- Born: 1975 (age 50–51) New York City, USA
- Known for: Multimedia, Video, Photography
- Website: lisaopp.net

= Lisa Oppenheim =

American multimedia artist

Lisa Oppenheim (born 1975) is an American multimedia artist.

==Early life==
Lisa Oppenheim was born in New York City in 1975. She earned her bachelor's degree from Brown University in 1998, concentrating in Modern Culture and Media, Art and Semiotics. In 2001, she earned her MFA in Film and Video from Bard College. She completed a Whitney Museum Independent Study Program in 2003. She also completed the Rijksakademie van beeldedne kunsten in Amsterdam in 2006.

==Work==
Oppenheim's work plays with the process of creating photographs and film. Her pieces often question the documentary genre as well as the concept of an archive. In utilizing archival sources, she interrogates and reappropriates the archival function of narrative-making and -omitting, and how narrative and imagery are intertwined, but ultimately separate.

In work such as Lunagrams, 2010, she exposed archival glass negatives using moonlight. Oppenheim experiments with time as a force of art and imagery. She has done works in fiber arts, using strings, ropes and fabric. Her works in fiber arts were displayed in her Gramma exhibition at Tanya Bonakdar Gallery.

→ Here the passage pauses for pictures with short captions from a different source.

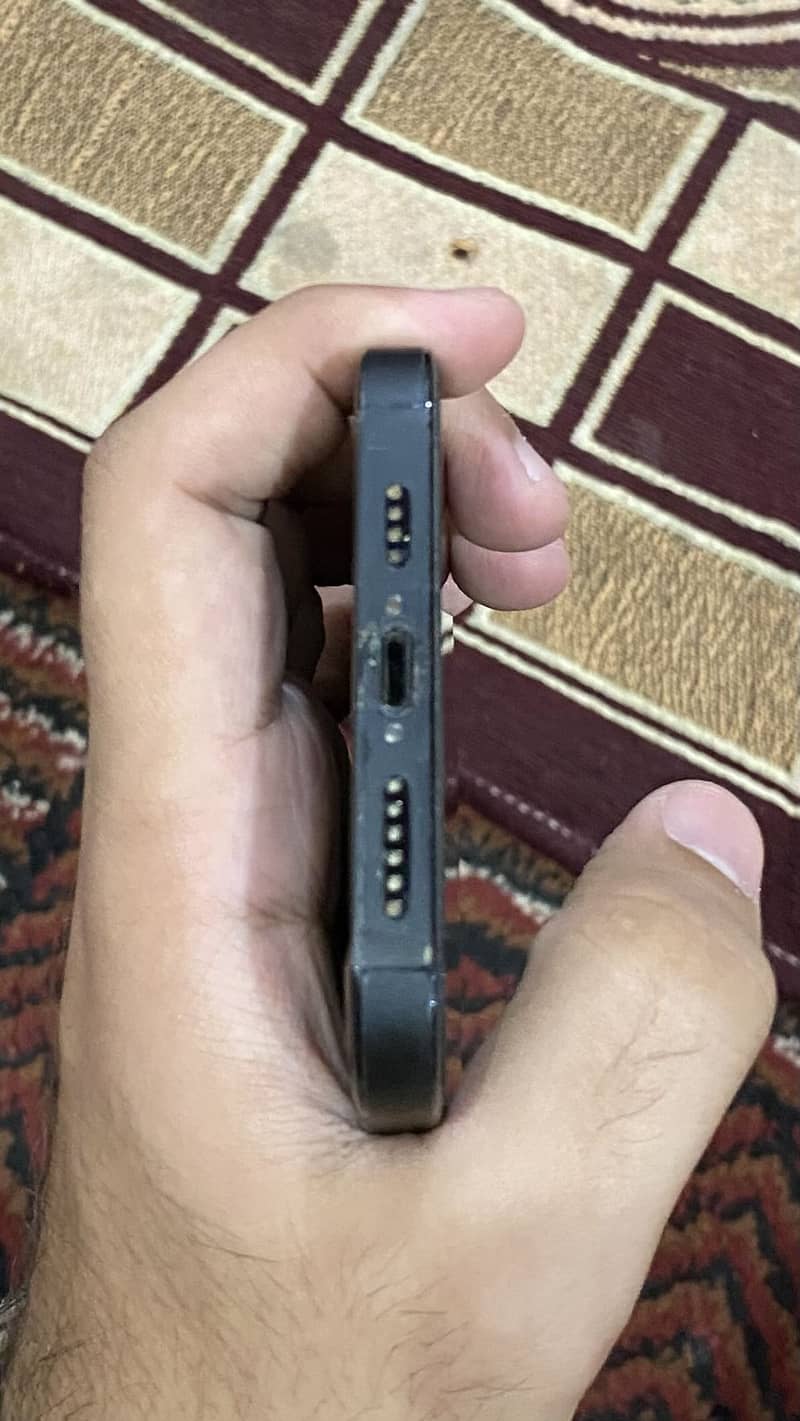 Apple iPhone 14 Pro Max 4
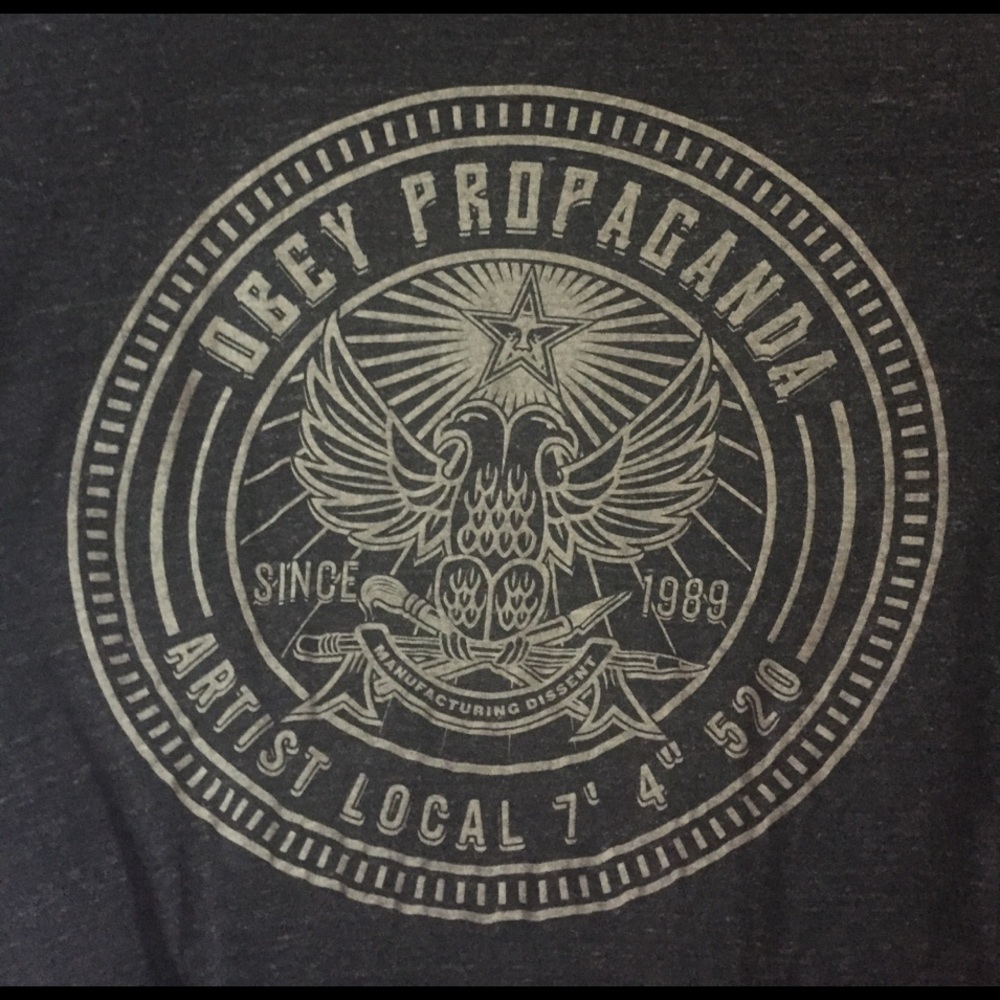 Obey tshirt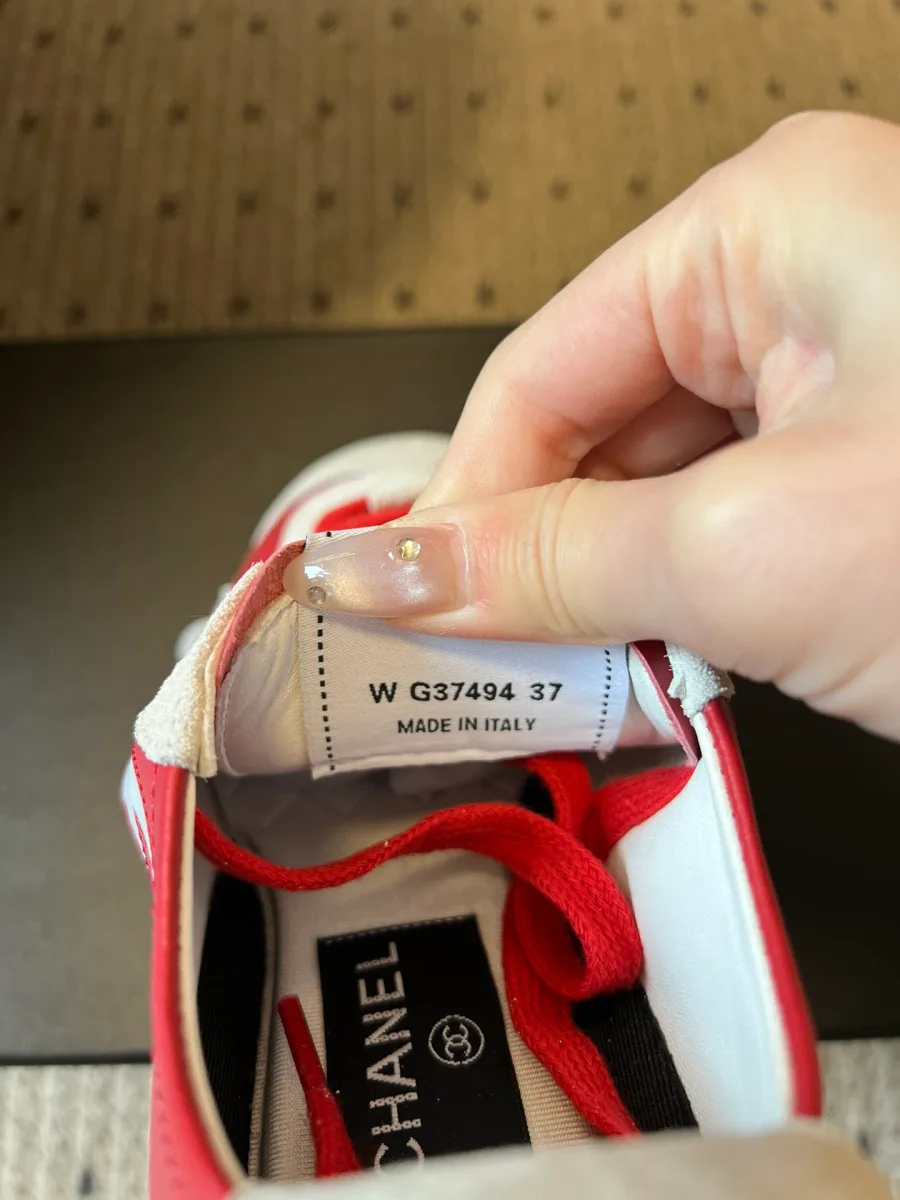 Язычок с маркировкой размера и стелька кеда Chanel крупным планом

Oppenheim had solo and group exhibitions at international venues including The Approach Gallery, the Museum of Contemporary Art Cleveland, Grazer Kunstverein, the Whitechapel Gallery, and the Museum of Modern Art,

== Recognition ==

- AIMIA/AGO Photography prize from the Art Gallery of Ontario (2014)
- Shpilman International Photography prize from the Israel Museum (2014)

==Collections==
Her work is included in the public collections of the J. Paul Getty Museum, the Guggenheim Museum, New York the Museum of Modern Art, and the San Francisco Museum of Modern Art.